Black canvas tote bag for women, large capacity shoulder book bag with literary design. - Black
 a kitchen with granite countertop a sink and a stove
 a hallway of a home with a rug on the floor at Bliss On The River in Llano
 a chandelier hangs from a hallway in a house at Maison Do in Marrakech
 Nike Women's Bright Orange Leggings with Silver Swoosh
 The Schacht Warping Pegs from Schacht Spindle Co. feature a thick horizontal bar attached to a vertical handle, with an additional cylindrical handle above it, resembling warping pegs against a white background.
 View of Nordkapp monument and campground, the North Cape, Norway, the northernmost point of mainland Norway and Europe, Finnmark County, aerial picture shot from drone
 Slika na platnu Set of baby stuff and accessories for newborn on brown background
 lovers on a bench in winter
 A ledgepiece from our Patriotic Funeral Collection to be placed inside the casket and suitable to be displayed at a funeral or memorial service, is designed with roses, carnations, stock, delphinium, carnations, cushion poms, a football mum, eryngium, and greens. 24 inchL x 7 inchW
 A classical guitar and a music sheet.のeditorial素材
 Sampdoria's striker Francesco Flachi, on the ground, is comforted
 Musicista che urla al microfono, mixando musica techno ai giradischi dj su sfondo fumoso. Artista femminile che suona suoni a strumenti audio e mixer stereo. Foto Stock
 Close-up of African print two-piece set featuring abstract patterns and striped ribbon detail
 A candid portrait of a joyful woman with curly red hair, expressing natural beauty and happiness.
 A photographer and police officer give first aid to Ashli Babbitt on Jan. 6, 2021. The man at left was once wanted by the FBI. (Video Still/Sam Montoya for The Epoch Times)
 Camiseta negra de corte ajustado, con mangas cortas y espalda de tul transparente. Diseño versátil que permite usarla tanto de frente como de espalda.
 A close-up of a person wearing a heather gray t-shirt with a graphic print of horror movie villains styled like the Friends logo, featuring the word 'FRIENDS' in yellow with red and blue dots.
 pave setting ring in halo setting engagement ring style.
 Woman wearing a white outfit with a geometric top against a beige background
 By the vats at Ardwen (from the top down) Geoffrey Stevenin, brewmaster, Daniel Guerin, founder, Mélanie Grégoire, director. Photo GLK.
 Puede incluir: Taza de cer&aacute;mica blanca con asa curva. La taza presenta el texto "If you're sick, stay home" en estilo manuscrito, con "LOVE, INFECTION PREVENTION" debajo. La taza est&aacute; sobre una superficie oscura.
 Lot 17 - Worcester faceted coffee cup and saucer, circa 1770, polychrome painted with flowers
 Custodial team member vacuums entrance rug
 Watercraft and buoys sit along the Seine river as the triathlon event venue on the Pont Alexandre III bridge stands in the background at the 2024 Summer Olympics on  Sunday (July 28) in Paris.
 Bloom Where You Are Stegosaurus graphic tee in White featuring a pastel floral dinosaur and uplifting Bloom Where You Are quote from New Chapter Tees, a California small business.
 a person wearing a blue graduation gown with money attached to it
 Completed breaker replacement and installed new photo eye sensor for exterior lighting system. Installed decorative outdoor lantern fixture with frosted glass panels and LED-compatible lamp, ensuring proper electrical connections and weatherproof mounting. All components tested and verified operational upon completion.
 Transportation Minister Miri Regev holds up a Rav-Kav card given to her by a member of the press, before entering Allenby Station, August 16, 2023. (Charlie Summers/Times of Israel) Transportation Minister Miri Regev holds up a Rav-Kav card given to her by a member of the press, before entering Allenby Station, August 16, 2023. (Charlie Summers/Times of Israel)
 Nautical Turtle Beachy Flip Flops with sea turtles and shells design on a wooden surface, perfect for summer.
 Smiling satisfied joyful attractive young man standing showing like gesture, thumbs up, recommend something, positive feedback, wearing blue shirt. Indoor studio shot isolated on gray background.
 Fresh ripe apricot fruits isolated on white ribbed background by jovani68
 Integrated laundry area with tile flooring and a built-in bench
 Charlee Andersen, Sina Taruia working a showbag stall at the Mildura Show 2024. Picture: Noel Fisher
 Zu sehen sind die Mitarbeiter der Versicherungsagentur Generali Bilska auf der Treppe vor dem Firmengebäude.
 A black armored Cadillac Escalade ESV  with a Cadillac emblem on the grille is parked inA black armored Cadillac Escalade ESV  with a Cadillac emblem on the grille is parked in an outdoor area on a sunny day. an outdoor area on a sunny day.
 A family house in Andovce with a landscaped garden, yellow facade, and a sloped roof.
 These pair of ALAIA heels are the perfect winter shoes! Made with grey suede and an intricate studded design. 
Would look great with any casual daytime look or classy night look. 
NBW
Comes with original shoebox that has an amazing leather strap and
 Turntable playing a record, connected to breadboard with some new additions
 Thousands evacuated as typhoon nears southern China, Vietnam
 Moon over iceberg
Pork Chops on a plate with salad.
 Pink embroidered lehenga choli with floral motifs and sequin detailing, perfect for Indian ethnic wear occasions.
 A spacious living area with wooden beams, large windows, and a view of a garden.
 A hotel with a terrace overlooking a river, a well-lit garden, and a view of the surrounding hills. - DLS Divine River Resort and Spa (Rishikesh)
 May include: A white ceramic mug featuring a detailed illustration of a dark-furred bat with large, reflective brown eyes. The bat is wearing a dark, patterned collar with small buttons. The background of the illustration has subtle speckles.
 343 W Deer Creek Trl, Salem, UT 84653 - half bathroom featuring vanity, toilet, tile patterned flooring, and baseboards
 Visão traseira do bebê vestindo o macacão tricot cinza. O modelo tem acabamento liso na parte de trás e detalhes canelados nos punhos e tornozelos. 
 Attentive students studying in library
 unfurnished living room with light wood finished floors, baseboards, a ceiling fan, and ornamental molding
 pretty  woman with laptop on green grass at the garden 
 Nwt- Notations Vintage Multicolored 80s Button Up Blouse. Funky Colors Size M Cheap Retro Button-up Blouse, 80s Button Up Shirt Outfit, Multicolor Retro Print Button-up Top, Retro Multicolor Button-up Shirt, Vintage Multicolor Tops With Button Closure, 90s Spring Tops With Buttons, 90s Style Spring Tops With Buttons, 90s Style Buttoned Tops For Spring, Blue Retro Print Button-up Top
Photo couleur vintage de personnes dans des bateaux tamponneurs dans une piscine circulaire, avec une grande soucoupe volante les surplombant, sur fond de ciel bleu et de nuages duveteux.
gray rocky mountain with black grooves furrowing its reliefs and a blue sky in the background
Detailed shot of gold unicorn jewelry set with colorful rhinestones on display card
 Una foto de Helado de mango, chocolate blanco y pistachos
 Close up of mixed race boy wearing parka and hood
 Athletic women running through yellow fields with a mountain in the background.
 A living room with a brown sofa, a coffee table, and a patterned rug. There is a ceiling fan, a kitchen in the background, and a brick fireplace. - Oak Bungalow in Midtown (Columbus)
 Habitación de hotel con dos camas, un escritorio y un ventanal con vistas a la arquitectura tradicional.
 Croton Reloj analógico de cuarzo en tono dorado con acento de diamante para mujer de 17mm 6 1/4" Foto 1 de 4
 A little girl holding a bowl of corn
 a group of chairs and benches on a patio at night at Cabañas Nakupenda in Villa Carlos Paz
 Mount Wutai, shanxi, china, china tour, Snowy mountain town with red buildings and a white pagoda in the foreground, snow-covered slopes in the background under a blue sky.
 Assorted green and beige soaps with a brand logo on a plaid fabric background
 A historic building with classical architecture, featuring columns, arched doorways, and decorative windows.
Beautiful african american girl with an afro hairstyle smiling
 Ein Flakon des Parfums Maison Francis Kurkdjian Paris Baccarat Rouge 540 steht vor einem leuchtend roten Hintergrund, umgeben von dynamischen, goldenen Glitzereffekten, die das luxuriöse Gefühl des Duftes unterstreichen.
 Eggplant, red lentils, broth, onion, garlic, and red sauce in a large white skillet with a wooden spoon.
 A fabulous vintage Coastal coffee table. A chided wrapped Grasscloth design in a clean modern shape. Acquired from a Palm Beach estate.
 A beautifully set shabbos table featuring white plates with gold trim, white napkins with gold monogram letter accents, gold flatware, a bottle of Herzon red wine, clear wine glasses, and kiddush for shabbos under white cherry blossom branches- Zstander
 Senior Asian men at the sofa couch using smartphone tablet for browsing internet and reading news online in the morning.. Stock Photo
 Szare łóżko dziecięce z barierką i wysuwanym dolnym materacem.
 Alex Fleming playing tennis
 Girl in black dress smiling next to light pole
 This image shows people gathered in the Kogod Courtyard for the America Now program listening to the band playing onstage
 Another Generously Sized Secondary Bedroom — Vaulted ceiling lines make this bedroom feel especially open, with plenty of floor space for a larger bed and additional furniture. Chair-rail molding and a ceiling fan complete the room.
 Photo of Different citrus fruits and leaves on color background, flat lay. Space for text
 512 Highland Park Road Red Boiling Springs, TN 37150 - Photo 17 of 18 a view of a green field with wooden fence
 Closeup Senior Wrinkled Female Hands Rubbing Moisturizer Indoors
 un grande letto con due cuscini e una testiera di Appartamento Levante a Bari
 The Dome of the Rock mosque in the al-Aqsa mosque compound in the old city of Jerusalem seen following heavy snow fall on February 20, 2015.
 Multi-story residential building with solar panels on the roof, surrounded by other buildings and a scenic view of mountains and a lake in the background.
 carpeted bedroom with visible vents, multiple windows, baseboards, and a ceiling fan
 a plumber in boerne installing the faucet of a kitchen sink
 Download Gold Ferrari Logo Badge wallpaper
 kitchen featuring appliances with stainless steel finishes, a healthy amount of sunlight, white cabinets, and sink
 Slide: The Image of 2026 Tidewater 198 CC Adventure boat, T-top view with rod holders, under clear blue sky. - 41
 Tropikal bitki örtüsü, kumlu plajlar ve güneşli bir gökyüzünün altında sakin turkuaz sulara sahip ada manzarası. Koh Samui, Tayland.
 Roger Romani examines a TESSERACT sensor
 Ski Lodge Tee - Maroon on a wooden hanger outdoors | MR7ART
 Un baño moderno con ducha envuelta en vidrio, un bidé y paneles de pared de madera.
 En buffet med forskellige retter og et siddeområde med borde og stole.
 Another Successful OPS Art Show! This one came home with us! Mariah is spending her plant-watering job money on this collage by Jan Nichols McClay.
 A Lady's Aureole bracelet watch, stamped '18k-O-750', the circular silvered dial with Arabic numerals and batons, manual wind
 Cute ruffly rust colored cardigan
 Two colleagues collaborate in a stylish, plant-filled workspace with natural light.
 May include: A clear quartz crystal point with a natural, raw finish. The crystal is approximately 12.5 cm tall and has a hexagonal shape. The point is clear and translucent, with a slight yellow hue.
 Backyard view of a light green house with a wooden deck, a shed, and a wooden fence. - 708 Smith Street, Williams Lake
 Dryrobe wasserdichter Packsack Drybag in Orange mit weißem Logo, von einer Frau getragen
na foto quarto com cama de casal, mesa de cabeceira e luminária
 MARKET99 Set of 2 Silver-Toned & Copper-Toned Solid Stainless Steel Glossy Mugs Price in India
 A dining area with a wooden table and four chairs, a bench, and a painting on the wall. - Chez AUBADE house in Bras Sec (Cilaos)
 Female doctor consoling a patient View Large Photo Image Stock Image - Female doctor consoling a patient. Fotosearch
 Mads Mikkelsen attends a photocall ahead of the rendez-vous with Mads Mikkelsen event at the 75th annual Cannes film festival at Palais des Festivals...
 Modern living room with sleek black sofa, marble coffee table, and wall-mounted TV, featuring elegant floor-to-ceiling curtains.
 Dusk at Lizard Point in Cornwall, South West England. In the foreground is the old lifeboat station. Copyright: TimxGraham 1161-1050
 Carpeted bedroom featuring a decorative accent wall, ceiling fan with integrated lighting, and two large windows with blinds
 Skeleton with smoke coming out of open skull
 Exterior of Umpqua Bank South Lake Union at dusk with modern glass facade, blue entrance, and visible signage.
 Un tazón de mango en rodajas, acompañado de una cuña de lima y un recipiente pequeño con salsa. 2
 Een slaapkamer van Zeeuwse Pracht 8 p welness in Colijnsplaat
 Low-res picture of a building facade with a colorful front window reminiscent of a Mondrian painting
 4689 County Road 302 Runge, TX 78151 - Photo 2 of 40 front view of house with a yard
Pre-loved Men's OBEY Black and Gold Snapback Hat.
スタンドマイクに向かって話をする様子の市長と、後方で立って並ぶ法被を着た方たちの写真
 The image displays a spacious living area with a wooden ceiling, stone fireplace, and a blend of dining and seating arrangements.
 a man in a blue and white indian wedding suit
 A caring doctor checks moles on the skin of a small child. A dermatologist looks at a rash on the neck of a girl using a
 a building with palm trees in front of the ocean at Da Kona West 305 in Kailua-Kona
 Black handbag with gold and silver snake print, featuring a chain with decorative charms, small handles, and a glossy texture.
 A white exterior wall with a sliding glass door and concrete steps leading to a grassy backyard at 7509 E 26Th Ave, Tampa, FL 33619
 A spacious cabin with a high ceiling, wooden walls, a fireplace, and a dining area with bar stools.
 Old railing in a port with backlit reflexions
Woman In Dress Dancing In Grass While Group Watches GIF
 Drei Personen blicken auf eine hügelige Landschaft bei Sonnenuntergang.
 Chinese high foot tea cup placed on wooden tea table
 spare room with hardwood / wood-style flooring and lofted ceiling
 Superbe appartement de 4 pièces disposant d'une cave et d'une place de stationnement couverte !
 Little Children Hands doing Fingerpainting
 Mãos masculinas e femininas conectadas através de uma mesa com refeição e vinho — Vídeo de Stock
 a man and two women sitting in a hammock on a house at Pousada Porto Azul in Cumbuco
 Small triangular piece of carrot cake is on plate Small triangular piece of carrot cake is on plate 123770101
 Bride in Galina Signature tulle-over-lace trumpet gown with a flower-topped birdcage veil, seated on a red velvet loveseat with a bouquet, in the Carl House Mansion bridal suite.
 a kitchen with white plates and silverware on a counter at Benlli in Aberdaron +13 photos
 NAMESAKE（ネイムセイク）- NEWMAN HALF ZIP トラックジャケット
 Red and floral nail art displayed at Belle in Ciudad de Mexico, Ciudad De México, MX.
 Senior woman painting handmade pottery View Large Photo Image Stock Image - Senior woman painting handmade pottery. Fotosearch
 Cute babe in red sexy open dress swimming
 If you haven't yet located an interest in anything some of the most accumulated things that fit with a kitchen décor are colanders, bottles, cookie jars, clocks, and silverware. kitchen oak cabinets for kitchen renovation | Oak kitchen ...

§ **About this task**:
Repeat word for word the lines above that run from the line containing "A classical guitar" through the line containing "Camiseta negra de", both ends included, and nothing else.

§ **Task response**:
 A classical guitar and a music sheet.のeditorial素材
 Sampdoria's striker Francesco Flachi, on the ground, is comforted
 Musicista che urla al microfono, mixando musica techno ai giradischi dj su sfondo fumoso. Artista femminile che suona suoni a strumenti audio e mixer stereo. Foto Stock
 Close-up of African print two-piece set featuring abstract patterns and striped ribbon detail
 A candid portrait of a joyful woman with curly red hair, expressing natural beauty and happiness.
 A photographer and police officer give first aid to Ashli Babbitt on Jan. 6, 2021. The man at left was once wanted by the FBI. (Video Still/Sam Montoya for The Epoch Times)
 Camiseta negra de corte ajustado, con mangas cortas y espalda de tul transparente. Diseño versátil que permite usarla tanto de frente como de espalda.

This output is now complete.